* _What is needed_: When you reach the line below that has "New Laptop Dell", start returning lines exactly, and stop after the line that has "2014 Suzuki Swift"; skip the pictures.

* _Task inputs_:

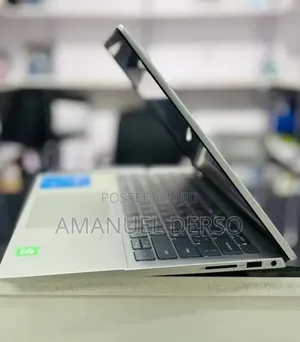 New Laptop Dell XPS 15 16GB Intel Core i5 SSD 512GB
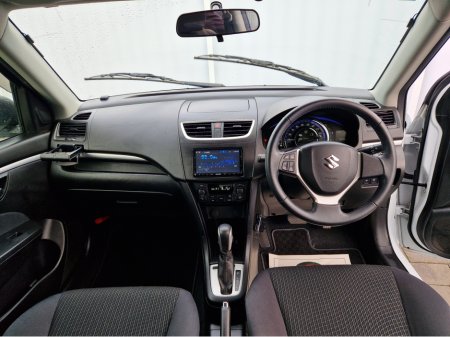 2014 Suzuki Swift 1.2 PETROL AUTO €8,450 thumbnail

---

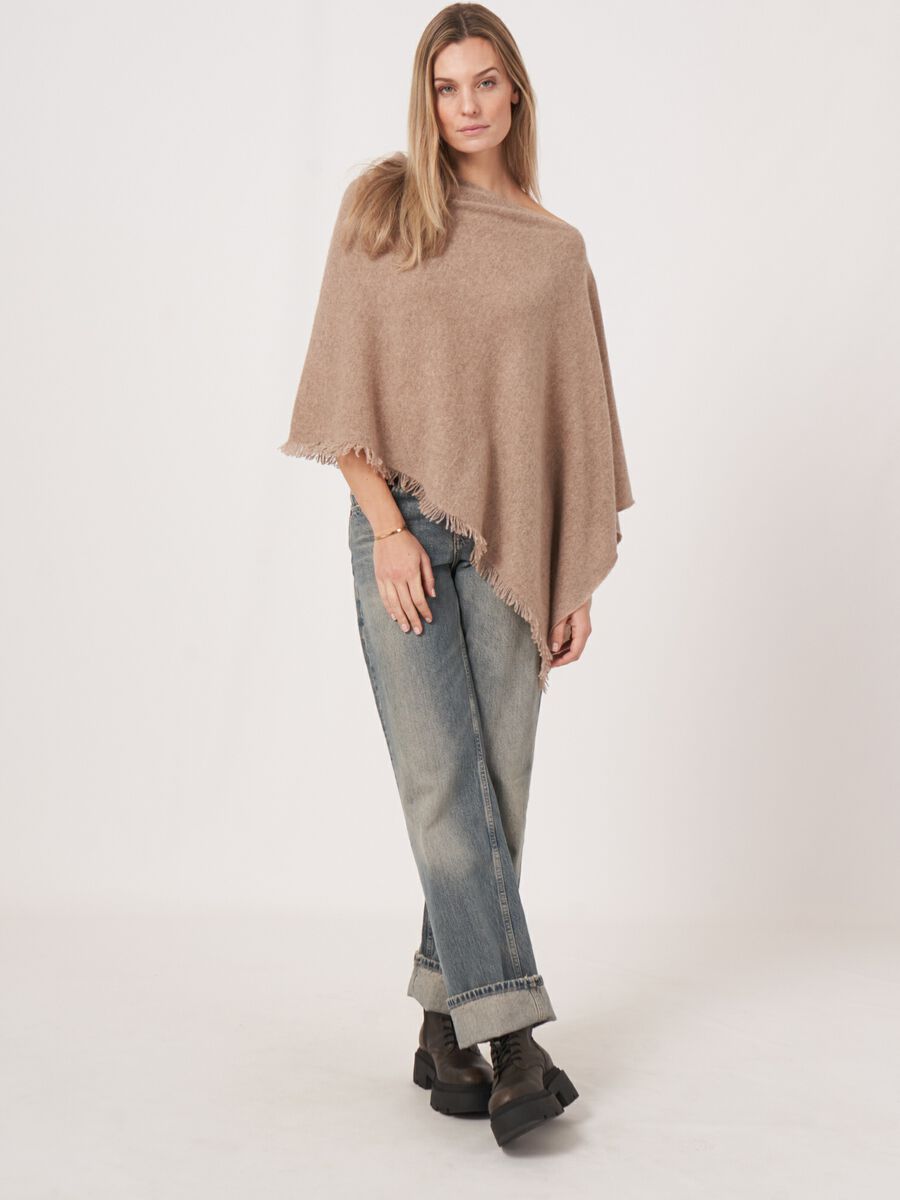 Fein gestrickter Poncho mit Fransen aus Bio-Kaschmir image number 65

---

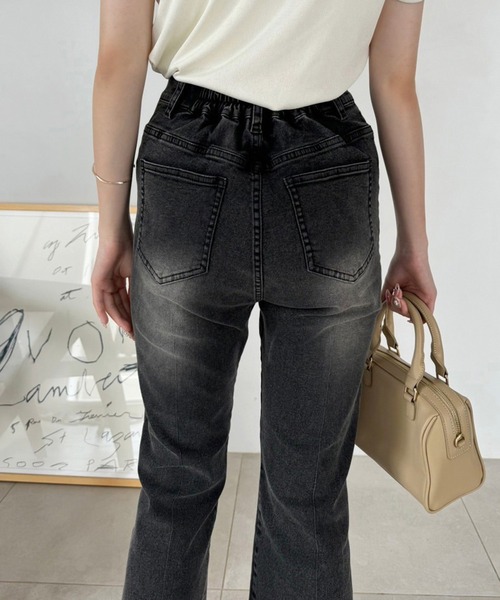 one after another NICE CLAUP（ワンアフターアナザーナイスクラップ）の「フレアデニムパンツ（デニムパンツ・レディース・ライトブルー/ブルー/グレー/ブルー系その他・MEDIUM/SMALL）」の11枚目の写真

* _Result_:
 New Laptop Dell XPS 15 16GB Intel Core i5 SSD 512GB
 2014 Suzuki Swift 1.2 PETROL AUTO €8,450 thumbnail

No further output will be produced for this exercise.